Siamo stati questa mattina a vedere la galleria di Marcello Durazzo "[doge della repubblica di Genova dal I767 al 1769]" e al dopo pranzo quella di monsignor Cambiaso: dovrei dirgliene tropo per dirgliene qualche cosa, e cosi e meglio niente. Hanno questi signori cose da monarca, né guardan dietro ad un migliara di filippi più o meno quando si tratta di un pezzo che loro piace. Prima di pranzo fummo a vedere i forni publici, fabrica come tutte le altre d'una sontuosità unica o forse di questa republica. Là entra Cerere in grano e sorte Cerere in pagnotte da saziare ogni dì sessanta o settanta milla persone: un forastiere perderebbe moltissimo a non avere vista una tal cosa.
Nel ritornare avanti pranzo a casa stavo passeggiando su quella parte di mura della città che guarda il monte: di là scoprivo l'infinite case di campagna, i moltissimi palazzi sorprendentissimi che adornano que' monti e fanno fuori di Genova un'altra città della città stessa più grande, più bella e più popolata. La giornata serena, un venticello che temperava il calore del sole incomodo anche in fine d' ottobre, acresceva il bello a un tutt'insieme di per se stesso incantatore.

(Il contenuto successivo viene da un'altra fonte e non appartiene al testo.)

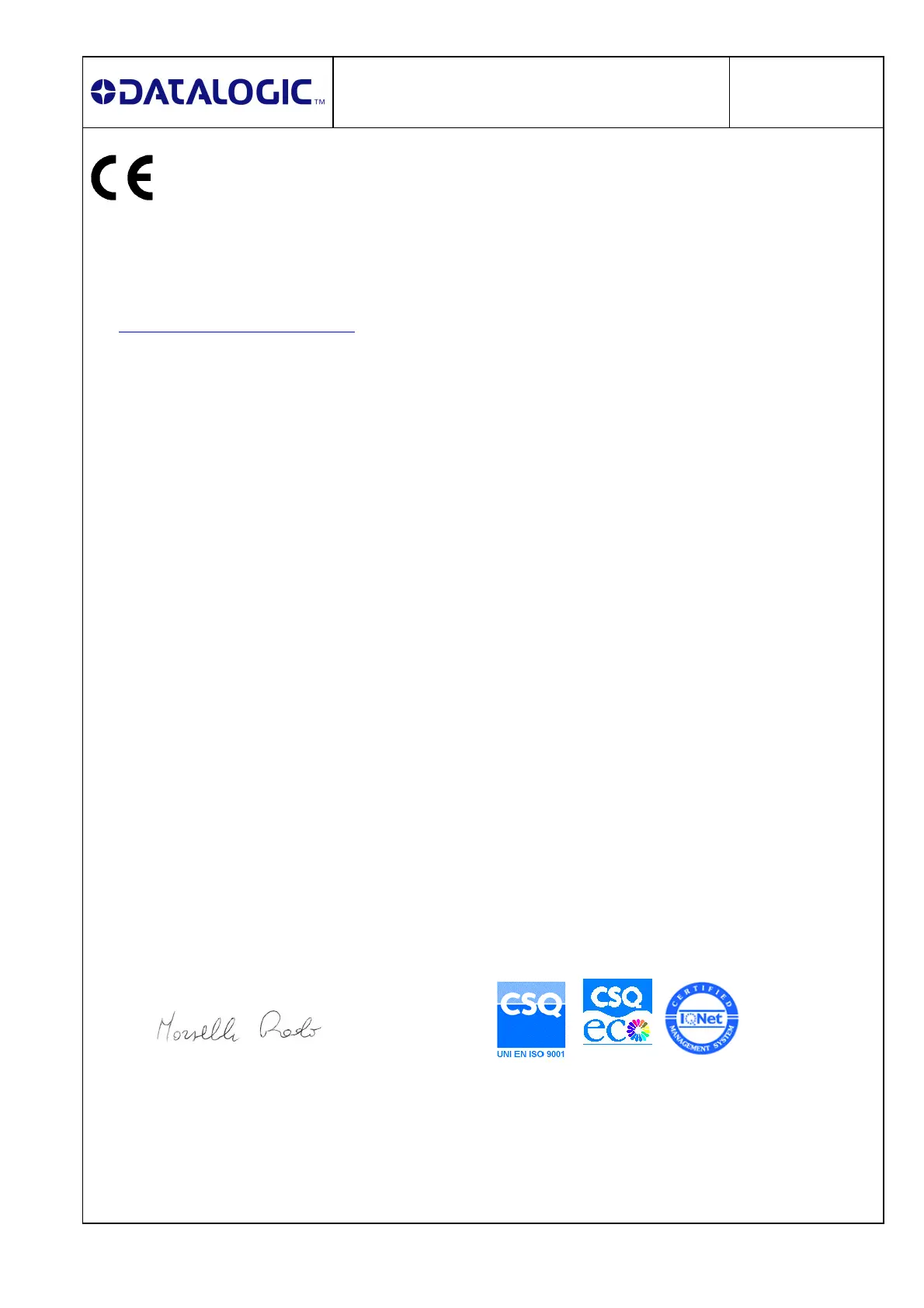 Page #116 background image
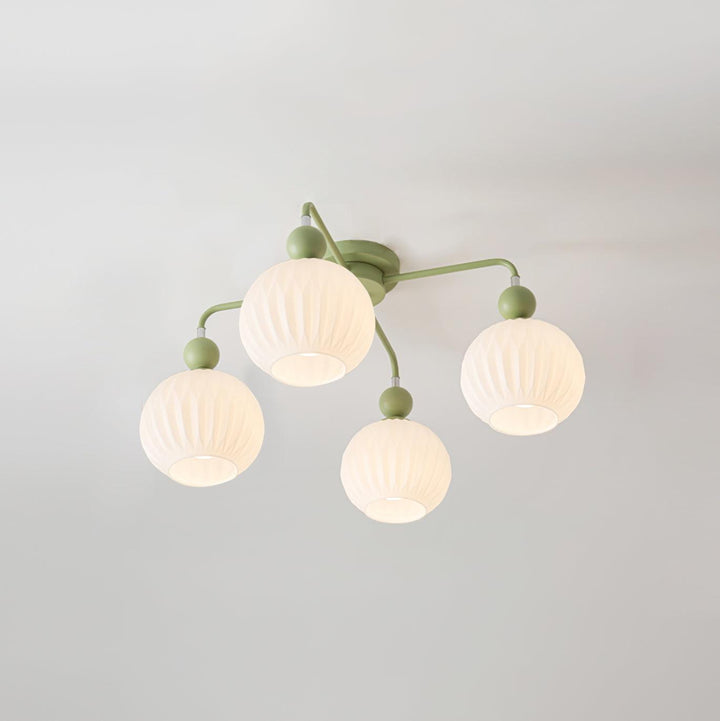 Lampa sufitowa Renee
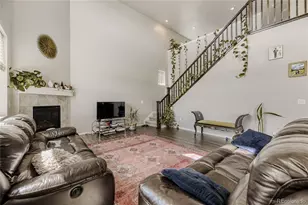 3686 Sandy Vista Ln, Castle Rock, CO 80104 - Photo 7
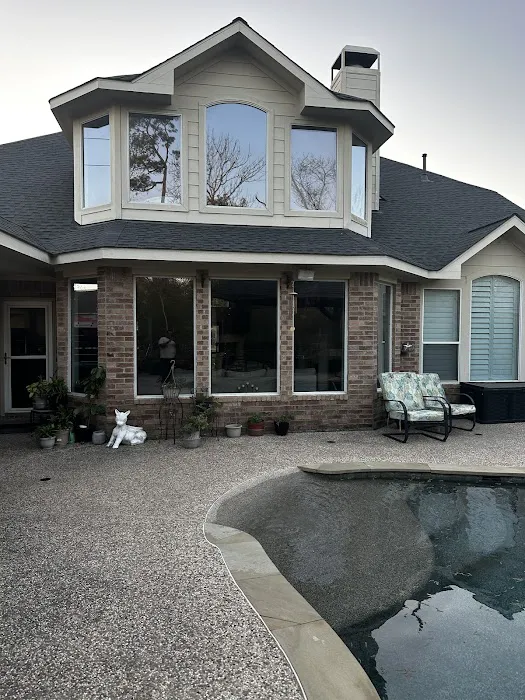 Lone Star Roof Solutions LLC Picture 7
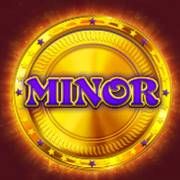 20 Coins: Minore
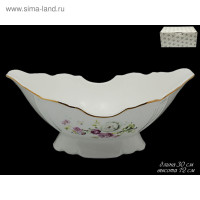  Lenardi Maria Rose,  30 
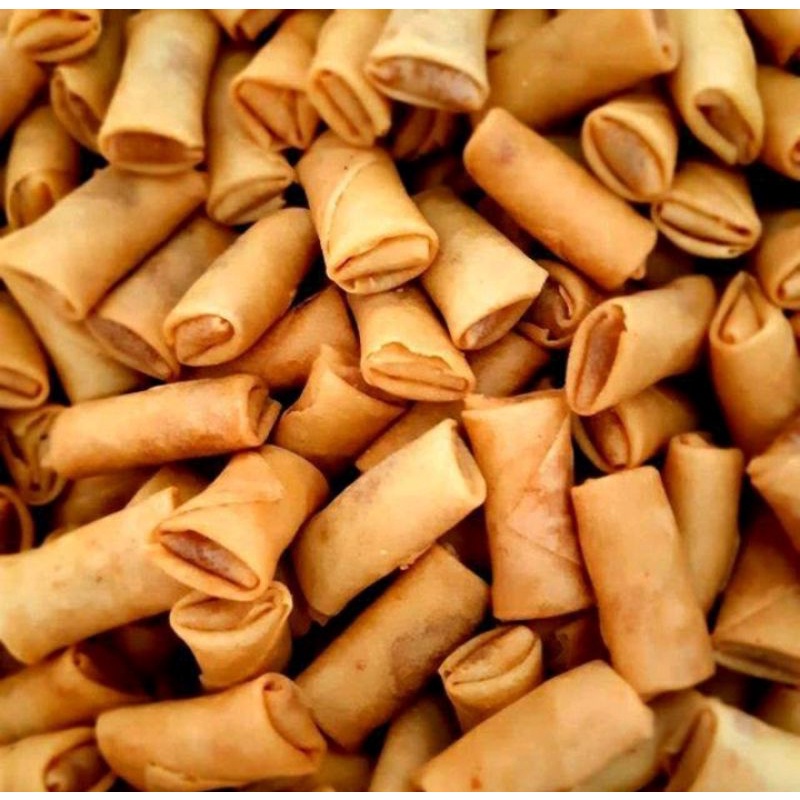 

sumpia_mini__udang
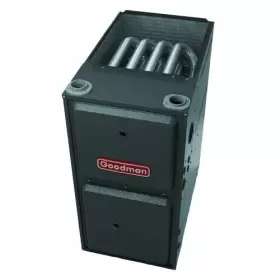 GMES960804CN GOODMAN Gas Furnace Seer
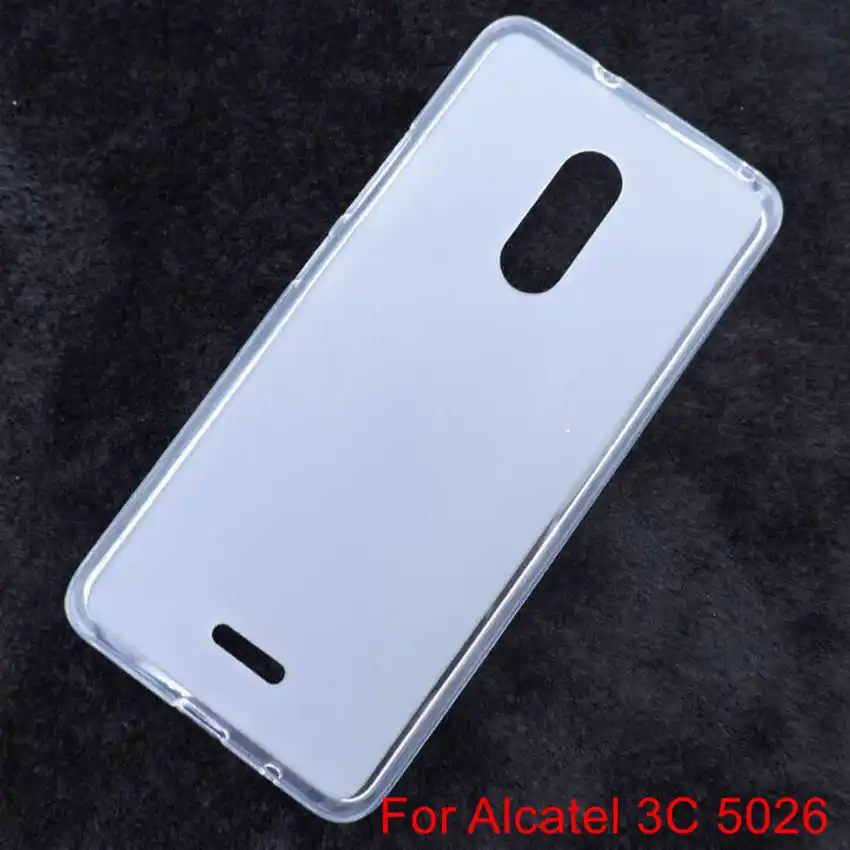 Чехол для Alcatel Работает с любым оператором, 1 1C 1X1 S 3 3L мягкий силиконовый полиуретановый чехол-накладка на заднюю панель с мультяшным рисунком для чехлы для айфонов 5 5 V 5060D 5033 5059 3C 5026 3X5058 Marvel Comics чехол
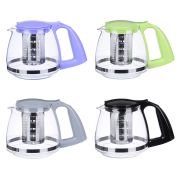 Заварочный чайник VETTA 750мл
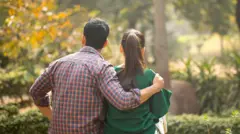 लैंगिक हेतूशिवाय फक्त 'आय लव्ह यू' म्हटल्यानं लैंगिक छळ होत नाही – हायकोर्ट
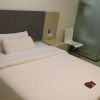 Отель Hanting Express Chongwenmen, фото 7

Ecco, tacito dicevo tra me stesso, quanto vale e quanto può libertà! Cerca in vano tutto ciò ove generalmente si serve, questi sono ~ dolci frutti d'economia, grandiosità e splendore: le conseguenze del fasto sono avilimento e invidia negli altri, miseria e mendicità in chi l'esercita. Cercansi virtù maschie? Esempli da secolo, azioni antiche romane tra moderni popoli? Tra popoli liberi soltanto si potran rinvenire. Si acusano i Genovesi di troppa economia e la loro sedulità agli affari la chiamano avarizia. Io mi credo autorizzato a chiamarla, a giudicarla mezzo ond'essere generosi. Chi ha eretto i spedali ove ricoveransi e socorronsi tutti li homini infermi indefinitamente d'ogni nazione e d'ogni religione? E chi eresse superbi asili ai poveri, chi li dottò? Chi raccolse i pupilli, chi lasciò grandiosissime somme colle quali ogni giorno sostentare, strapar dalle fauci di morte que' tanti individui della nostra spezie ridotti dalle sventure all'ultime miserie nelle quali 1'insensibilità del cuor nostro e le distrazioni gli lascierebbero perire, e che altro mai poteva produrre, poteva effetuare così grandi cose se non se la sobrietà, l'ecconomia, la pazienza, l'aplicazione republicana?".